----- AVAILABLE DATA -----

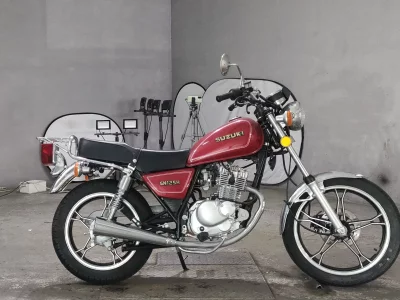 Suzuki GN125H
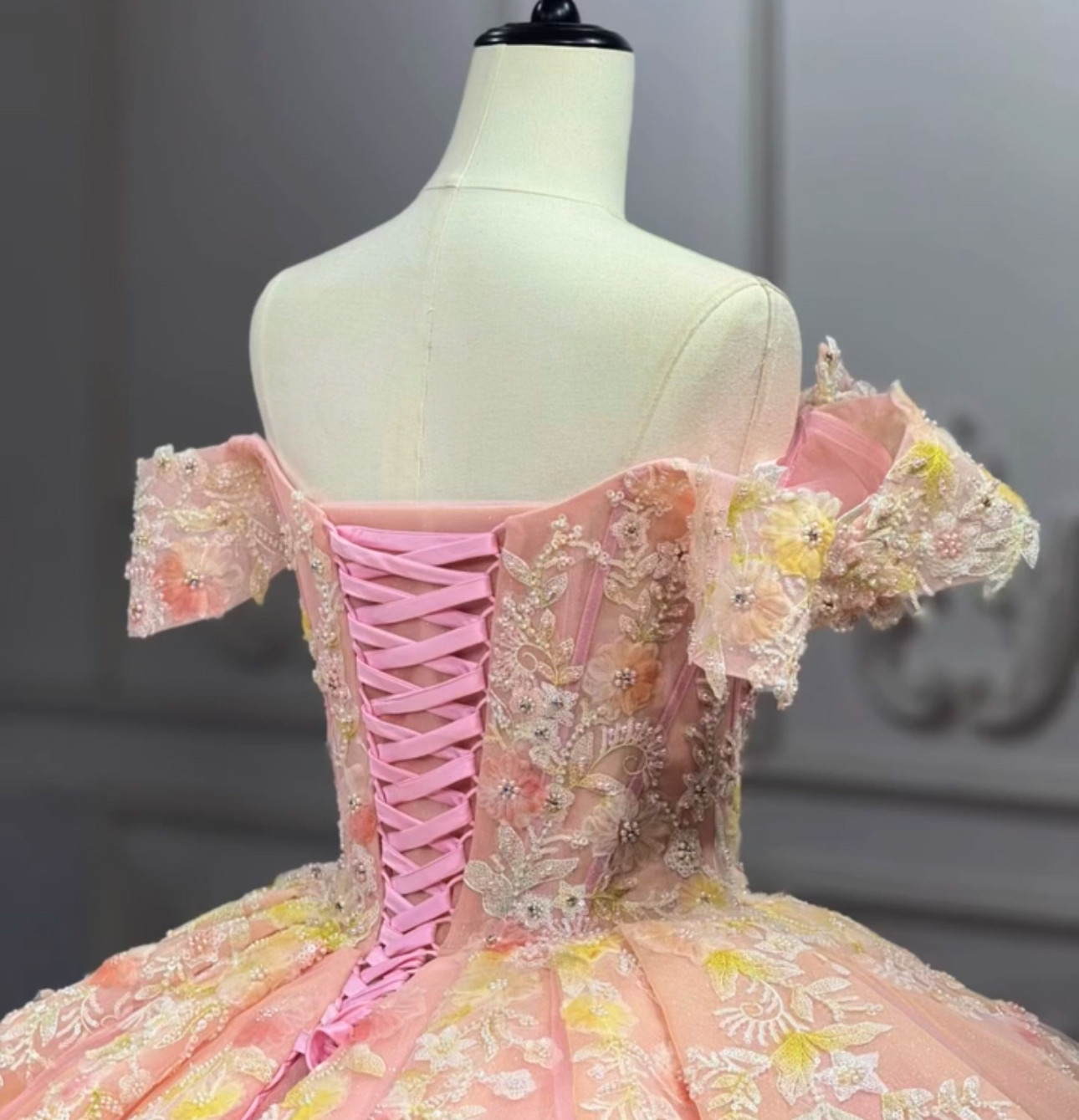 カラフル　カラードレス　オレンジピンク　編みあげ　華やかなトレーン　花柄フラワー　レース付き　2の腕を隠せる　優雅披露宴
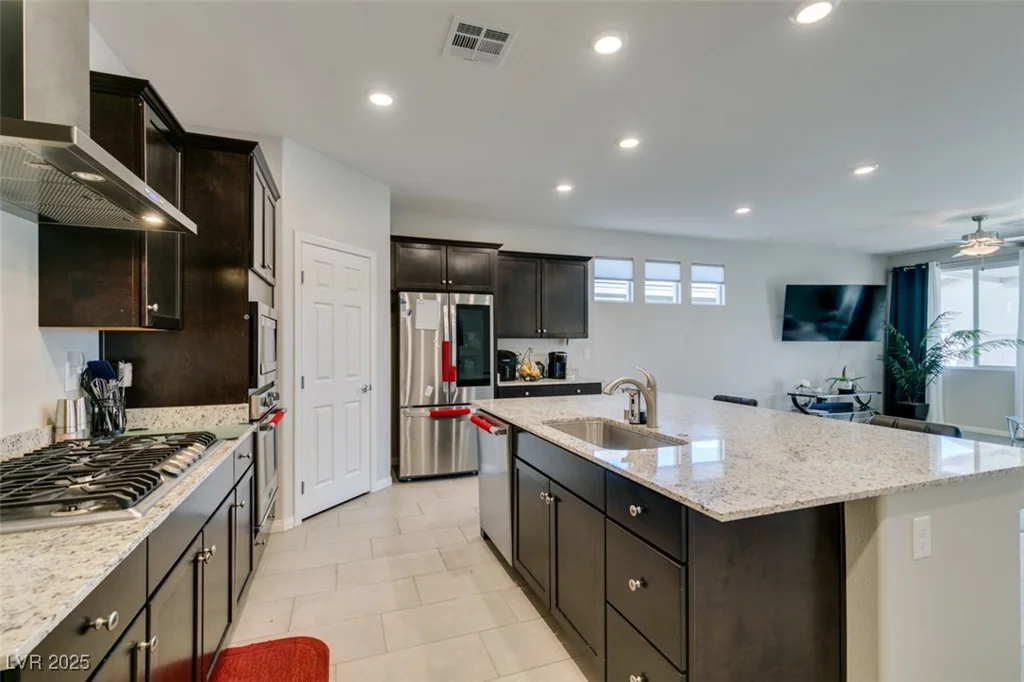 4211 Callisto, North Las Vegas, NV 89084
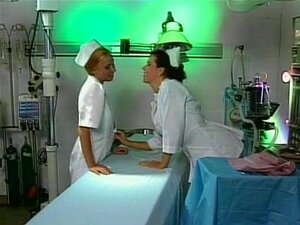 Tre Lesbiska Sjuksköterskorna Porr Filmer - Tre Lesbiska Sjuksköterskorna Sex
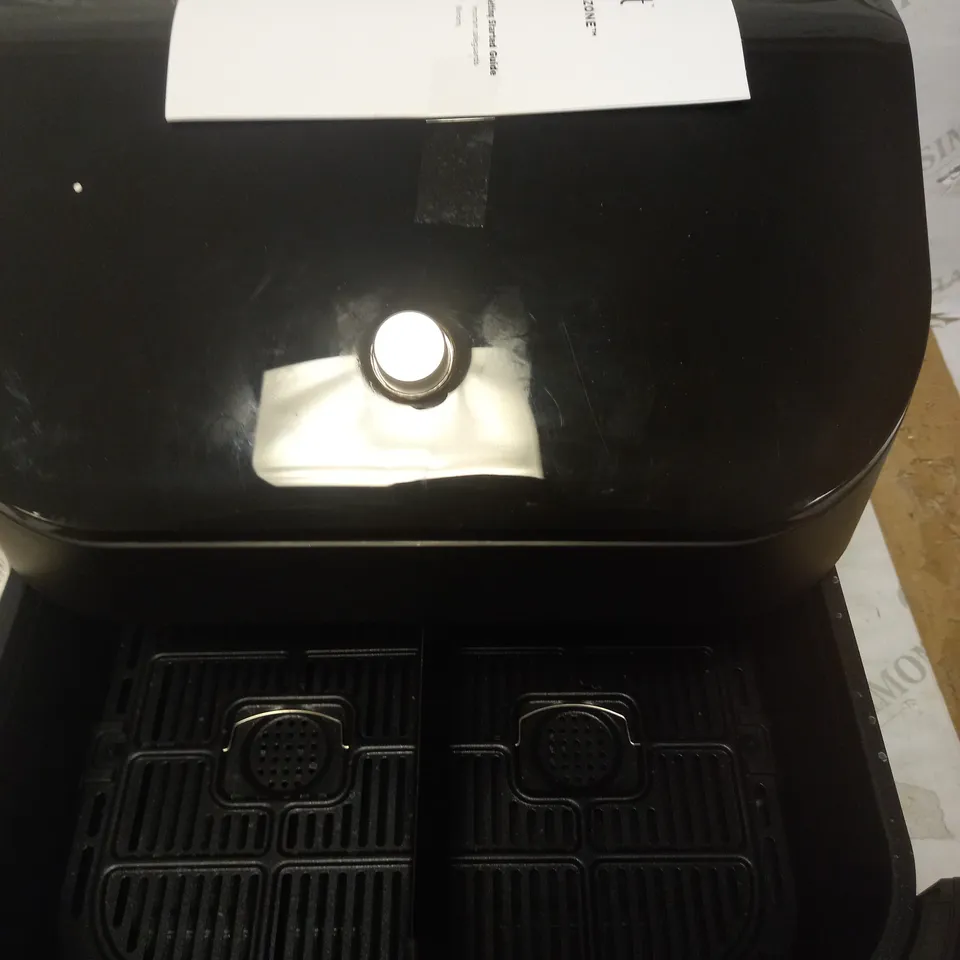 INSTANT VORTEX PLUS VERSAZONE-8.5L DIGITAL HEALTH AIR FRYER BLACK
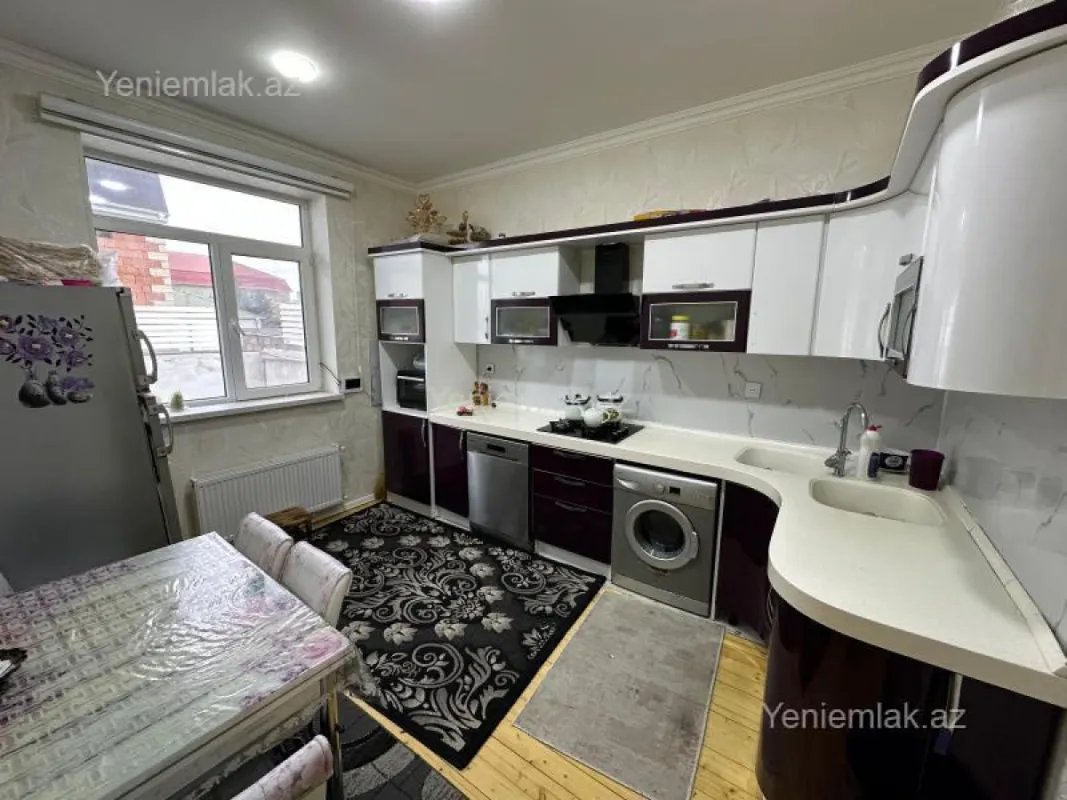 Satılır 7 otaqlı həyət evi 171 m²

-----

» PROBLEM DETAILS
Word for word, return the material above, but drop the pictures.

» SOLVED EXERCISE
 Suzuki GN125H
 カラフル　カラードレス　オレンジピンク　編みあげ　華やかなトレーン　花柄フラワー　レース付き　2の腕を隠せる　優雅披露宴
 4211 Callisto, North Las Vegas, NV 89084
 Tre Lesbiska Sjuksköterskorna Porr Filmer - Tre Lesbiska Sjuksköterskorna Sex
 INSTANT VORTEX PLUS VERSAZONE-8.5L DIGITAL HEALTH AIR FRYER BLACK
 Satılır 7 otaqlı həyət evi 171 m²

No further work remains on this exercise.